Работать было решительно невозможно: кто-нибудь да заглядывал в лаборантскую. Федор выключил рубильник, закрыл дверь и перешел в препараторскую. Включив настольную лампу, он начал было составлять тезисы лекции, но и тут ничего не шло в голову.

Сегодня в педагогическом институте общегородской студенческий вечер. Федор знал, что сейчас по коридору потоком двигаются студенты, прогуливаясь от актового зала до деканата литфака. Он завидовал: сам когда-то, совсем недавно, беззаботно гулял по всем этажам.

Все перевернулось и перемешалось в жизни.

Всего две недели назад Федор был уверен, что все идет, как задумано: он женится, успешно продвигается в науке. И вот — Нина ушла… убежала, убежала неожиданно, не сказав ни слова, даже обидного.

В день, когда она уезжала с группой студентов-добровольцев, Федор тоже был на вокзале. Хотелось многое сказать ей, но не удалось даже подойти.

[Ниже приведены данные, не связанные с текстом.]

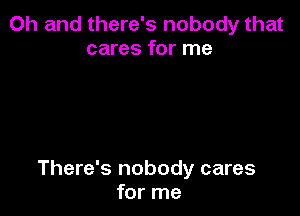 Oh and there's nobody that
cares for me

There's nobody cares
for me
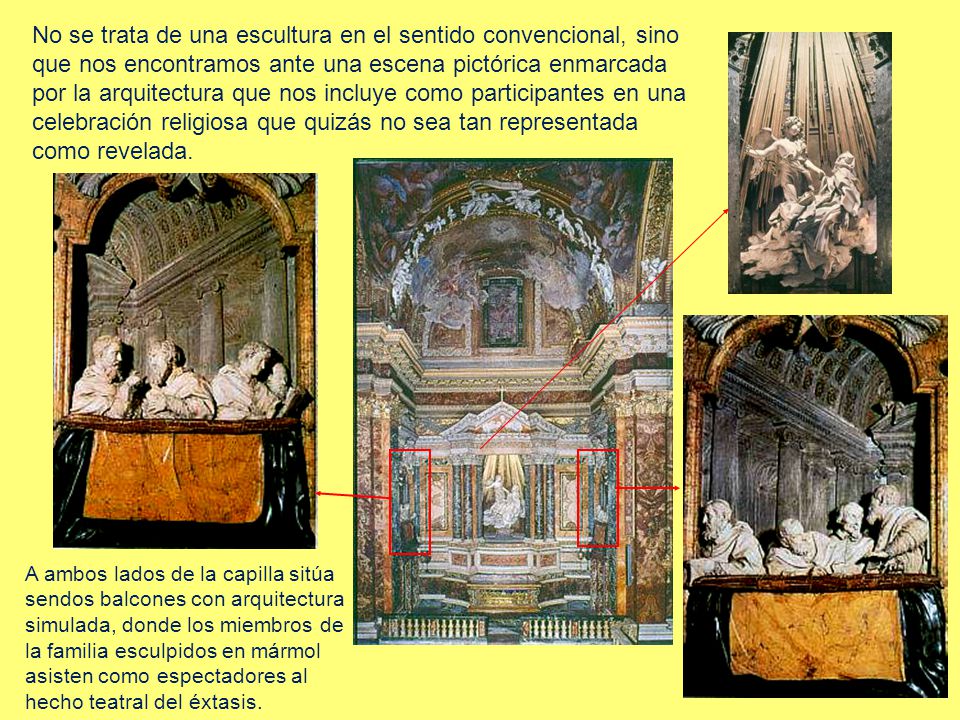 No se trata de una escultura en el sentido convencional, sino que nos encontramos ante una escena pictórica enmarcada por la arquitectura que nos incluye como participantes en una celebración religiosa que quizás no sea tan representada como revelada.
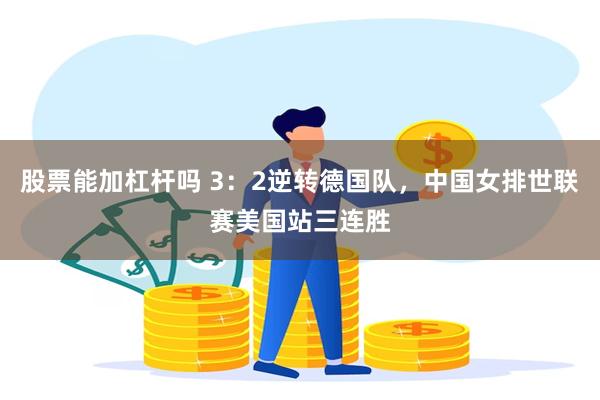 股票能加杠杆吗 3：2逆转德国队，中国女排世联赛美国站三连胜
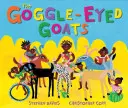 Les chèvres à lunettes - The Goggle-Eyed Goats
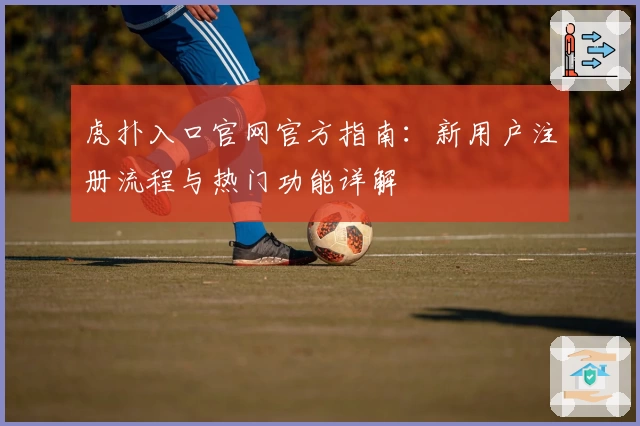 虎扑入口官网官方指南：新用户注册流程与热门功能详解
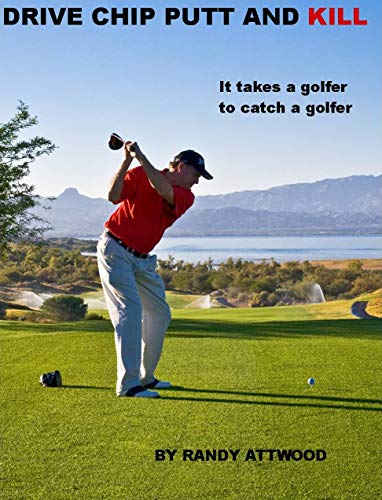 Book Cover Drive Chip Putt And Kill: It takes a golfer to catch a golfer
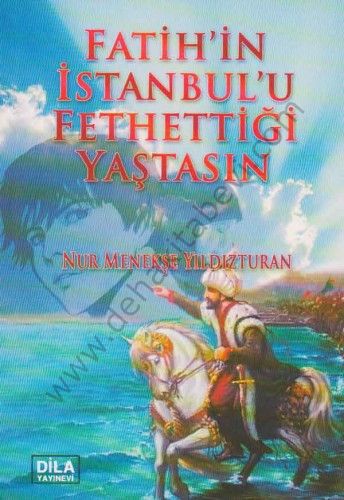 Fatih'in İstanbul'u Fethettiği Yaştasın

Во время митинга, глядя на раскрасневшееся от мороза, слегка нахмуренное лицо Нины, Федор окончательно убедился в том, что он для нее больше не существует. Не смея приблизиться к ней, он старался навсегда запомнить дорогие черты. Порой ему казалось, что все это во сне, все это скоро пройдет: стоит кому-нибудь появиться и с трибуны сказать: «Нет, товарищи, никакой войны. Идите-ка домой», и снова улыбка Нины, прикосновение ее рук… Но, к сожалению, все это было не во сне, и через несколько минут эшелон увез добровольцев на фронт…

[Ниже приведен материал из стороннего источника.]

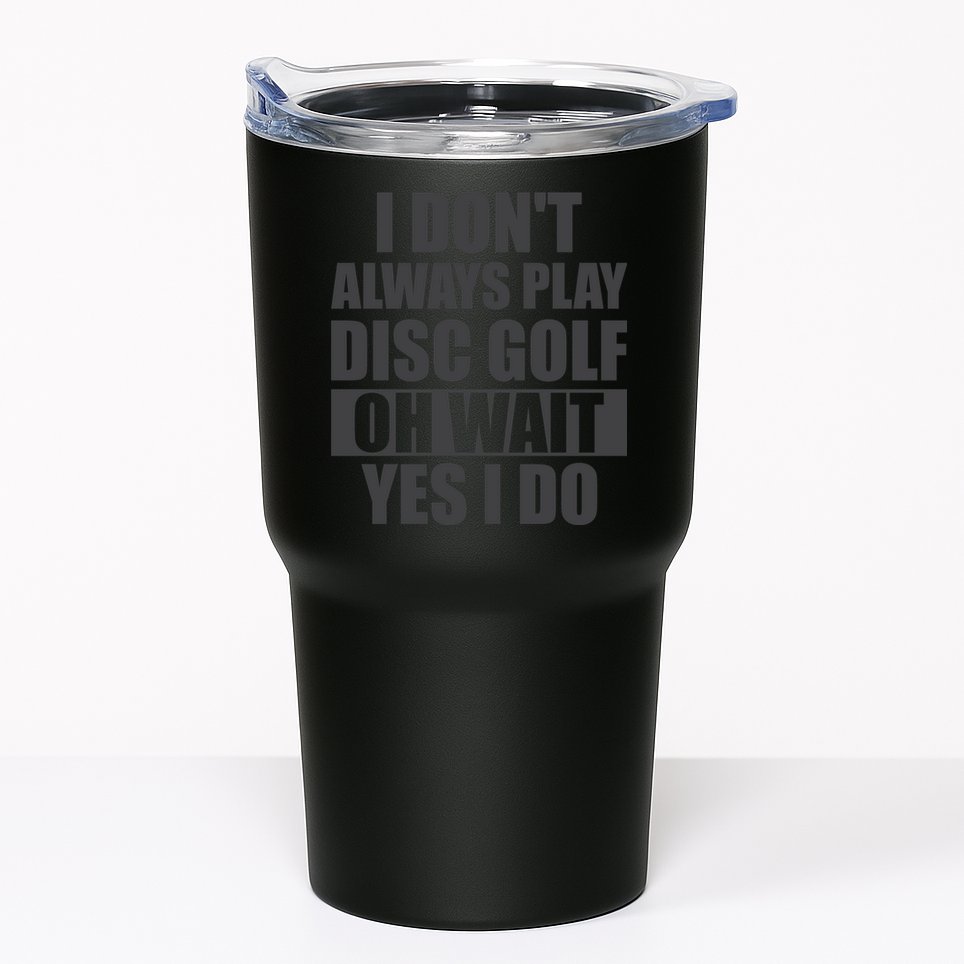 I Don't Always Play Disc Golf Disc Golf Themed Disc Golfers Tumbler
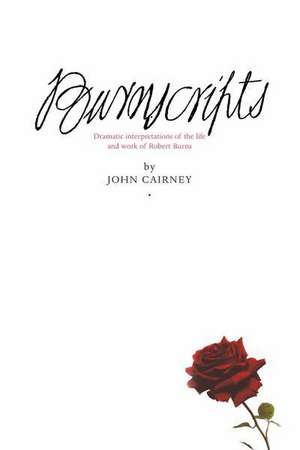 Cairney, J: Burnscripts de John Cairney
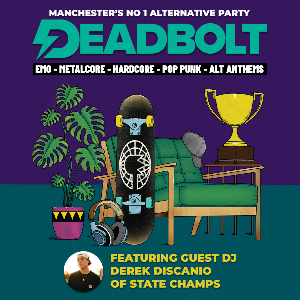 Deadbolt - Manchester | Derek Discanio DJ Set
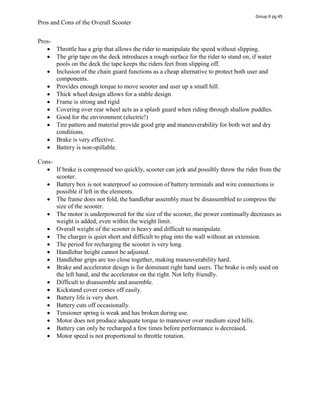 Pros and Cons of the Overall Scooter
Pros-
Throttle has a grip that allows the rider to manipulate the speed without slipping.
The grip tape on the deck introduces a rough surface for the rider to stand on, if water
pools on the deck the tape keeps the riders feet from slipping off.
Inclusion of the chain guard functions as a cheap alternative to protect both user and
components.
Provides enough torque to move scooter and user up a small hill.
Thick wheel design allows for a stable design
Frame is strong and rigid
Covering over rear wheel acts as a splash guard when riding through shallow puddles.
Good for the environment (electric!)
Tire pattern and material provide good grip and maneuverability for both wet and dry
conditions.
Brake is very effective.
Battery is non-spillable.
Cons-
If brake is compressed too quickly, scooter can jerk and possibly throw the rider from the
scooter.
Battery box is not waterproof so corrosion of battery terminals and wire connections is
possible if left in the elements.
The frame does not fold, the handlebar assembly must be disassembled to compress the
size of the scooter.
The motor is underpowered for the size of the scooter, the power continually decreases as
weight is added, even within the weight limit.
Overall weight of the scooter is heavy and difficult to manipulate.
The charger is quiet short and difficult to plug into the wall without an extension.
The period for recharging the scooter is very long.
Handlebar height cannot be adjusted.
Handlebar grips are too close together, making maneuverability hard.
Brake and accelerator design is for dominant right hand users. The brake is only used on
the left hand, and the accelerator on the right. Not lefty friendly.
Difficult to disassemble and assemble.
Kickstand cover comes off easily.
Battery life is very short.
Battery cuts off occasionally.
Tensioner spring is weak and has broken during use.
Motor does not produce adequate torque to maneuver over medium sized hills.
Battery can only be recharged a few times before performance is decreased.
Motor speed is not proportional to throttle rotation.
Group 6 pg 45
 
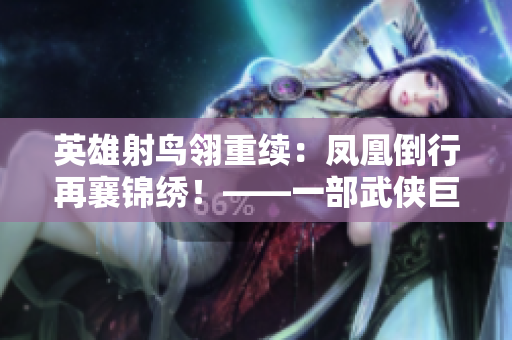 英雄射鸟翎重续：凤凰倒行再襄锦绣！——一部武侠巨作的延续与传承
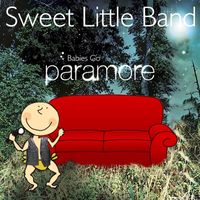 Sweet Little Band - Babies Go Paramore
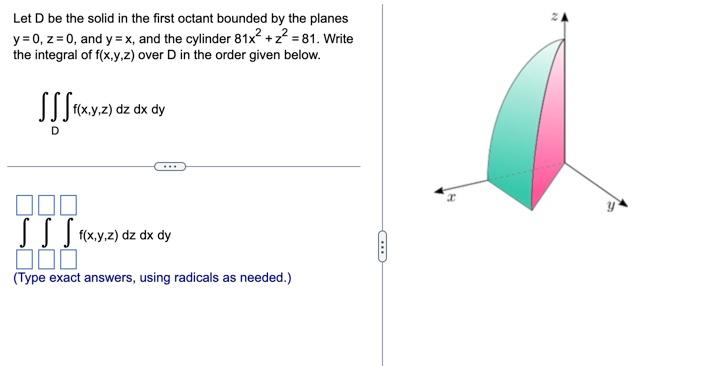 Solved Let D be the solid in the first octant bounded by the | Chegg.com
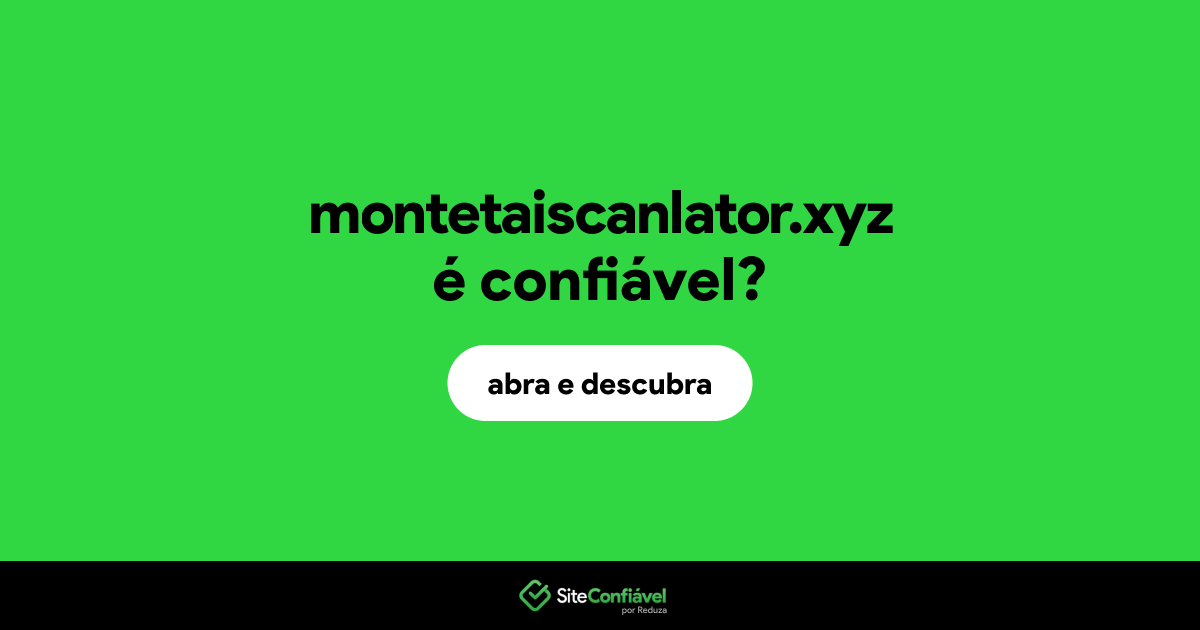 O site montetaiscanlator.xyz é confiável?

Оборвалась связь и с товарищами. Сережа Заякин и Аня на письма не отвечали с осени. Сережа сам говорил, что «не переваривает» его, а последние споры окончательно разъединили их. Коля, хоть и обещал не обижаться, когда уезжал в армию, не будет писать. Дедушкин, единственный человек, с которым он мог бы встретиться, почти не бывает дома: он инструктор обкома и все время разъезжает по области.

Были, конечно, новые знакомства, новые друзья, да все не то. Трудно на них положиться. Не знаешь, что заставляет их дружить с тобой. Сорвись, потеряй место, — и кто знает, как они примут это. Может быть, отвернутся при встрече, сделав вид, что не заметили тебя, может быть, кто-нибудь и пригласит к себе, как бы между прочим, а придешь — примет с оттенком снисхождения и унизит при случае…

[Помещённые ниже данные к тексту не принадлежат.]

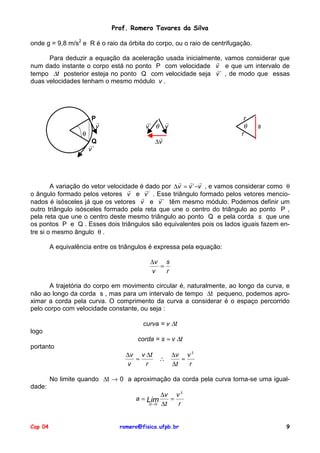 Prof. Romero Tavares da Silva
onde g = 9,8 m/s2 e R é o raio da órbita do corpo, ou o raio de centrifugação.
Para deduzir a equação da aceleração usada inicialmente, vamos considerar que
!
num dado instante o corpo está no ponto P com velocidade v e que um intervalo de
!
tempo ∆t posterior esteja no ponto Q com velocidade seja v ´ , de modo que essas
duas velocidades tenham o mesmo módulo v .

θ

P
!
v

r
θ
r

!
!
v´ θ v
!
∆v

Q
!
v´

s

! ! !
A variação do vetor velocidade é dado por ∆v = v ´−v , e vamos considerar como θ
!
!
o ângulo formado pelos vetores v e v ´ . Esse triângulo formado pelos vetores mencio!
!
nados é isósceles já que os vetores v e v ´ têm mesmo módulo. Podemos definir um
outro triângulo isósceles formado pela reta que une o centro do triângulo ao ponto P ,
pela reta que une o centro deste mesmo triângulo ao ponto Q e pela corda s que une
os pontos P e Q . Esses dois triângulos são equivalentes pois os lados iguais fazem entre si o mesmo ângulo θ .

A equivalência entre os triângulos é expressa pela equação:
∆v s
=
v
r
A trajetória do corpo em movimento circular é, naturalmente, ao longo da curva, e
não ao longo da corda s , mas para um intervalo de tempo ∆t pequeno, podemos aproximar a corda pela curva. O comprimento da curva a considerar é o espaço percorrido
pelo corpo com velocidade constante, ou seja :
curva = v ∆t
logo

corda = s ≈ v ∆t

portanto
∆v v ∆t
≈
v
r

∴

∆v v 2
≈
∆t
r

No limite quando ∆t → 0 a aproximação da corda pela curva torna-se uma igualdade:
∆v v 2
a = Lim
=
∆t → 0 ∆t
r
Cap 04

romero@fisica.ufpb.br

9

Нет, это не друзья-студенты, с которыми можно и поговорить, и поспорить, но которых всегда чувствуешь, как близких, как равных тебе.

Кто-то решительно открыл дверь и подошел к столу. В полосе света мелькнула серая шинель.

— Владимир Александрович здесь? — спросил знакомый голос.

— Геннадий Иванович! — обрадовался Федор, вставая. — Проходи, проходи, садись.

— А, Федя! Мне и тебя хотелось увидеть. Решил перед отъездом повидаться с тобой и со своими учителями. Дедушкин был в шинели и со знаками политрука.

— В армию взяли?

— Я прикреплен к Кировскому району. Там молодежь решила организовать лыжный батальон и идти на фронт. Я тоже попросился. Меня и назначили политруком роты. Завтра выезжаем. Вот и зашел проститься с институтом. Да и с тобой повидаться. Двое только нас осталось из всего курса. Коля снова на фронте. Был я у Сергея и Ани. Ночевал у них.

— Как они живут?

— Дружно, мне кажется. По службе у Сергея большие неприятности, и это чуть не привело, к разрыву. Сергей там столкнулся с людьми нечистоплотными в делах, а ты знаешь его характер: он не терпит этого и не молчит. А Аня не понимала… У нее же святое правило: «Сказанное слово — серебро, не сказанное — золото». Потом, видимо, сама убедилась, что не права… А у тебя как дела?

— Ничего. Тихонько работаю. — А как планы на будущее?

— Планы? Готовлюсь к кандидатским экзаменам, К весне, думаю, столкну парочку, а потом надо будет взяться за диссертацию. Сейчас война, с этим делом как будто легче будет. А Сережка-то, значит, прогорел. Я слышал, его с работы снимают.

Дедушкин поднялся.

— Я пойду, Федя. До свиданья, — сухо сказал он и подумал: «Зашел проститься к товарищу, а нашел черт знает кого! Этот не упустит возможности пролезть, пока война».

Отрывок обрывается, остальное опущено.